Freight News, Sea

US ports gear up for 2016 shipping season

[ June 20, 2016   //   ]

The St. Lawrence Seaway opened two weeks earlier this shipping season and US ports took advantage of the warm weather to move cargo for their customers.
“During the first nine weeks of the 2016 navigation season, ships arrived from 30 countries and delivered high value cargo that supported a wide range of manufacturing,” said Betty Sutton, Administrator of the U.S. Saint Lawrence Seaway Development Corporation said. “Our longshoremen worked diligently to offload cargo ships delivering transformers bound for electric power companies, tanks for beer brewing companies, windmills for power generation, dockside cranes for offloading ships, and kaolin for the manufacturing of paper.”
Reflecting the versatility and vitality of the Great Lakes-Seaway System, the Port of Duluth has already handled heavy-lift oil and gas refinery equipment for a project in Montana; a load of kaolin clay from Brazil to supply Minnesota paper mills; and a shipment of  203-foot wind turbine blades for a wind energy project in Iowa.
In May, the Port of Oswego received three shipments of aluminum totaling 9,079 metric tons that was delivered on the Alouette Spirit and Evans Spirit.

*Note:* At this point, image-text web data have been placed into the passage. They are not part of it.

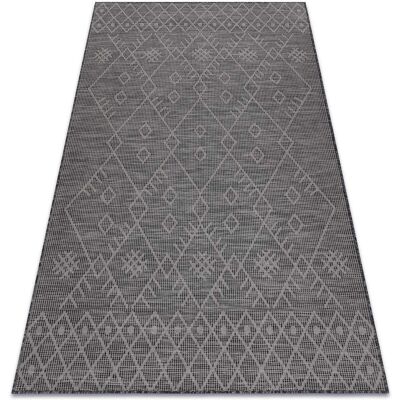 Alfombra de yute Sisal Patio Tejida Plana Negra - Alfombra Alfombra de yute Sisal Patio Tejida Plana Negra - Alfombra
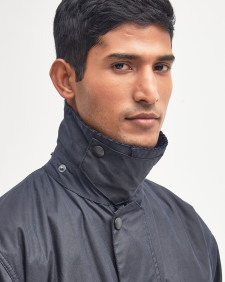 Border® Waxed Jacket Classic Navy
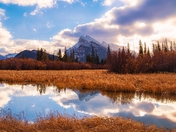 Autumn Sunrise At Vermilion Lakes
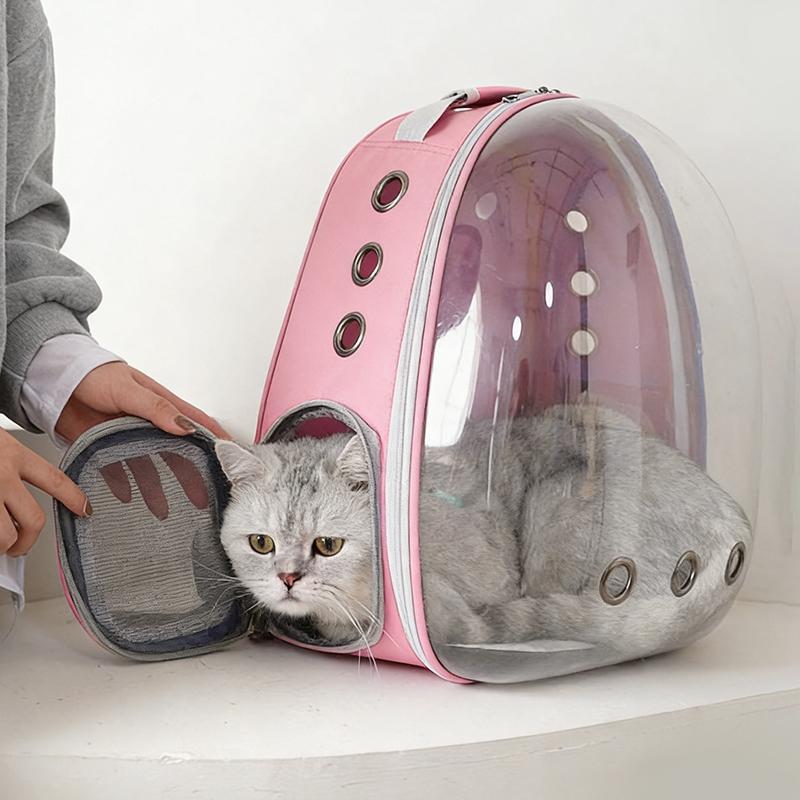 Pet Cat Carrying Bag Space Pet Backpacks Breathable Portable Transparent Backpack Puppy Dog Transport Carrier Space Capsule Bags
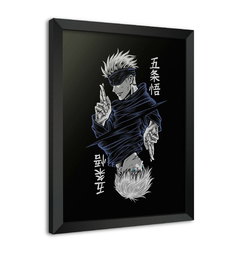 Quadro Poster Decorativo Satoru Gojo - Jujutsu Kaisen
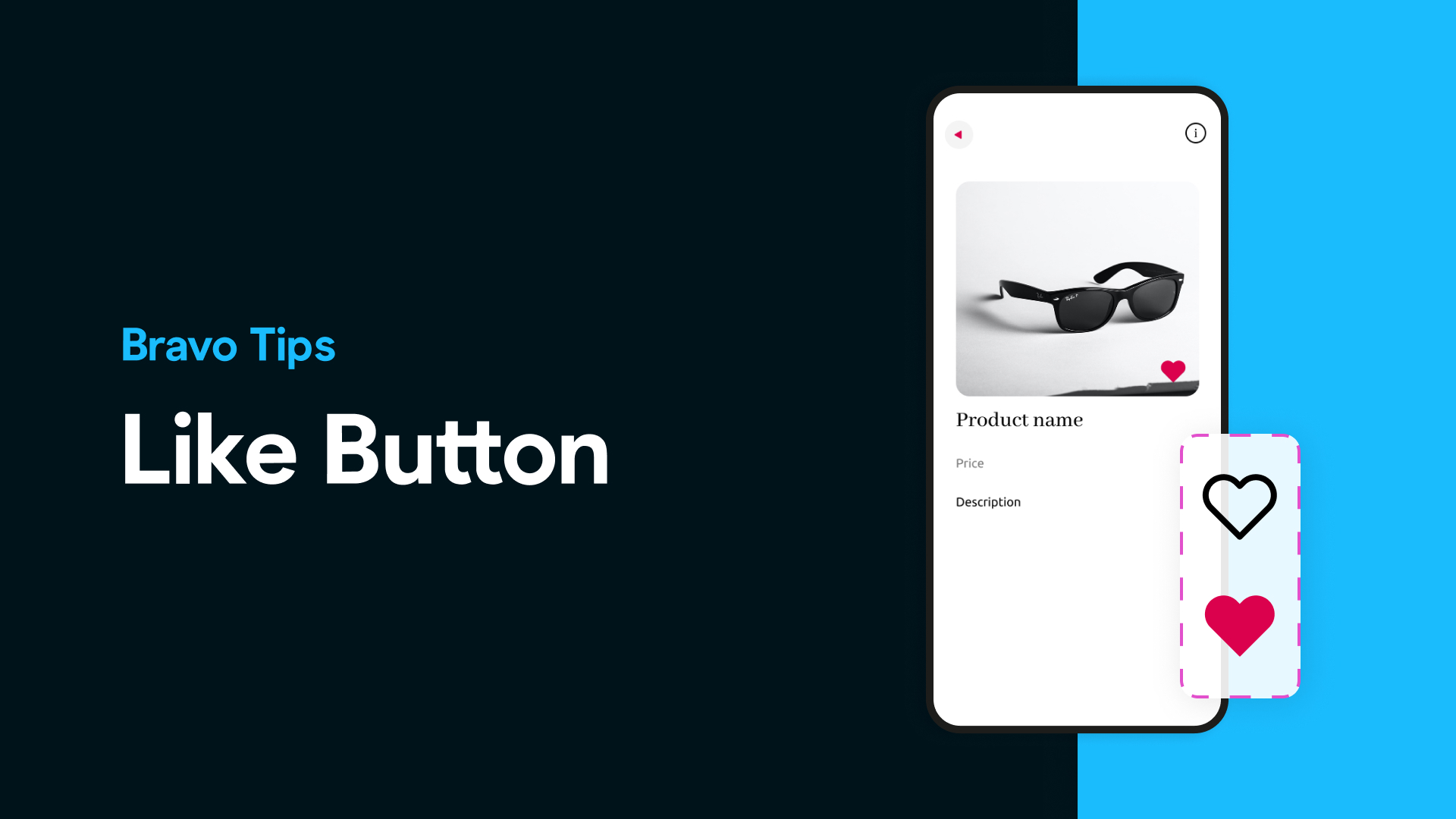 How to Add Like or Favorite Buttons in Your Bravo Studio App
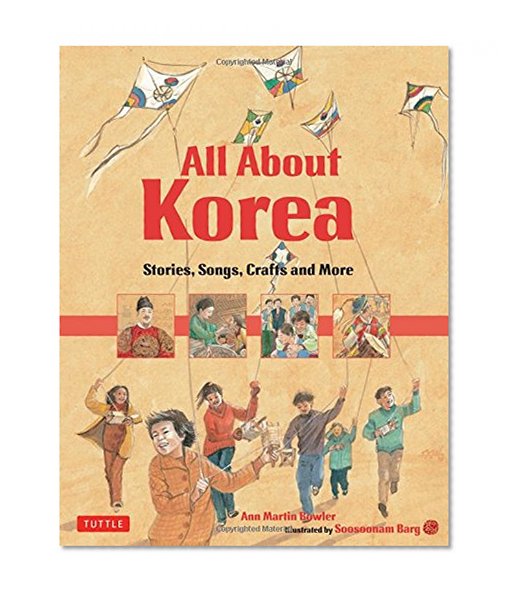 Book Cover All About Korea: Stories, Songs, Crafts and More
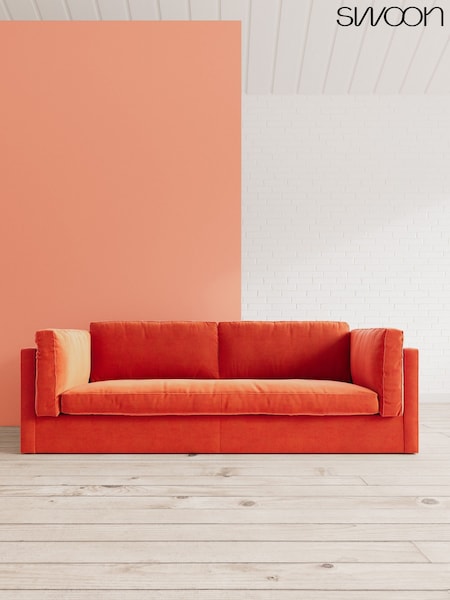 Easy Velvet/Burnt Orange Munich By Swoon (A46904) | £2,769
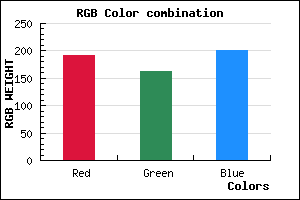 rgb background color #C0A3C9 mixer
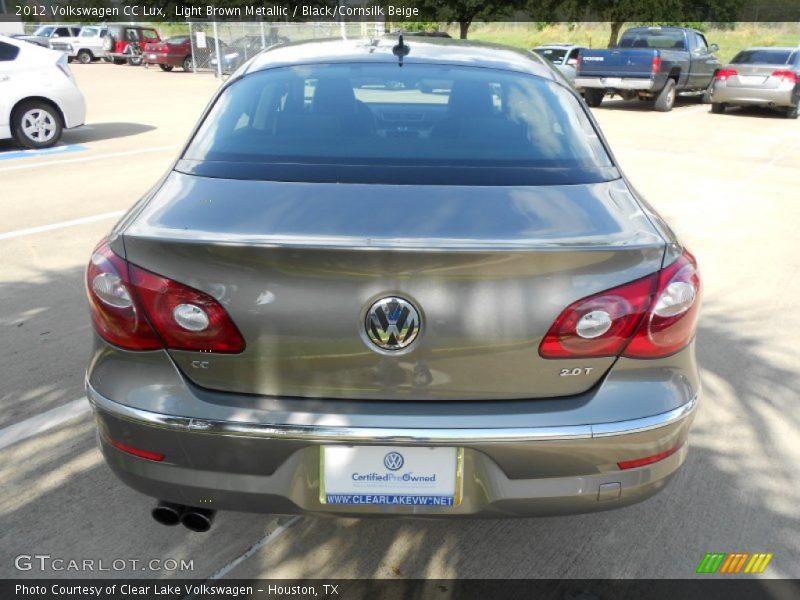 Light Brown Metallic / Black/Cornsilk Beige 2012 Volkswagen CC Lux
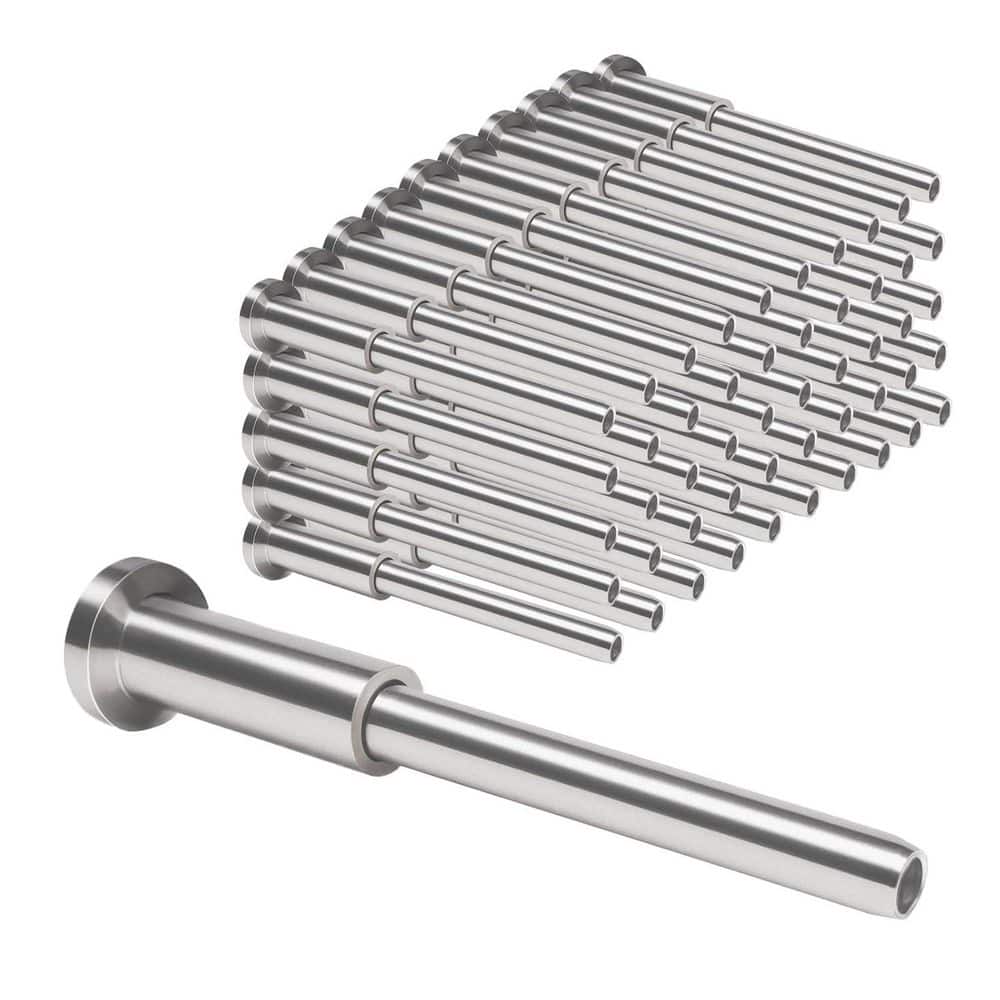 2.57 in. H x 0.51 in. W Silver Stainless Steel Stair Railing Kit, Easy Install Invisible Cable Hardware (50-Pair) price history on PriceWatchPro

The Evans Spirit is a shallow draft vessel with two cargo holds that have a pass-pass loading and discharge arrangement. This is the first time the Evans Spirit has been to the Port of Oswego with its new loading and discharge system.
Year -to-date, the port has a total of 19,507 metric tons of aluminum, which an increase of 86% over this time last year. In addition, the port received 8,802 metric tons of potash from Thunder Bay and 11,400 metric tons of corn from Hamilton.
May was a busy month at the Port of Indiana-Burns Harbor with 15 international ships Shipments included European beer fermentation tanks as well as organic corn and soybeans to be used for specialty animal feeds in US farms. Since 2014, the port has handled over 80 beer tanks for craft breweries around the Midwest with most of those going to Lagunitas Brewing Co. in Chicago.
Steel has arrived at a steady pace at the Port of Milwaukee for regional manufacturers, matching last year’s strong volumes.
The Port of Cleveland is currently lagging slightly behind 2015 tonnage numbers at the start of its season for traditional non-containerized steel business line. But David Gutheil, vice president maritime and logistics, is optimistic that our numbers will increase moving into the summer months and that the growth the port has experienced since 2009 will continue.
The Cleveland-Europe Express continues to attract new customers, as evidenced by Cleveland’s recent partnership announcement with Lubrizol for export container business to Europe.  “We also moved our first cargo to the country of Georgia, a 100-ton transformer from Siemens Energy in Mt. Vernon, OH,” Gutheil said.
To keep with its growing demand for cargo, the Port and our terminal operators continue to invest in infrastructure and equipment.  The Port commissioned two new Liebherr 280 mobile harbor cranes in May, which will significantly increase the speed and efficiency of Cleveland’s operation.  The port’s new 21,000 square foot warehouse was ready for use in late June, and now enables the port to provide transloading services and additional storage capacity.
“We are also pleased that Federal Marine Terminals has ordered a 2016 Kobelco Hydraulic Crawler Crane with 275-ton capacity,” he added. “ The new crane is expected to arrive at the Port in September and will enhance their ability to handle large and complex project cargoes.”
The St. Lawrence Seaway reported that year-to-date cargo shipments for the period March 21 to May 31 were 6.5 million metric tons, down 4.15% over the same period in 2015.  The dry bulk category was up nearly 5% with salt, potash and gypsum in the positive column at 25, 35, and 108% respectively. Iron ore was down 9%; coal was down almost 1%. While steel products were down 23%, other general cargo was up 113%.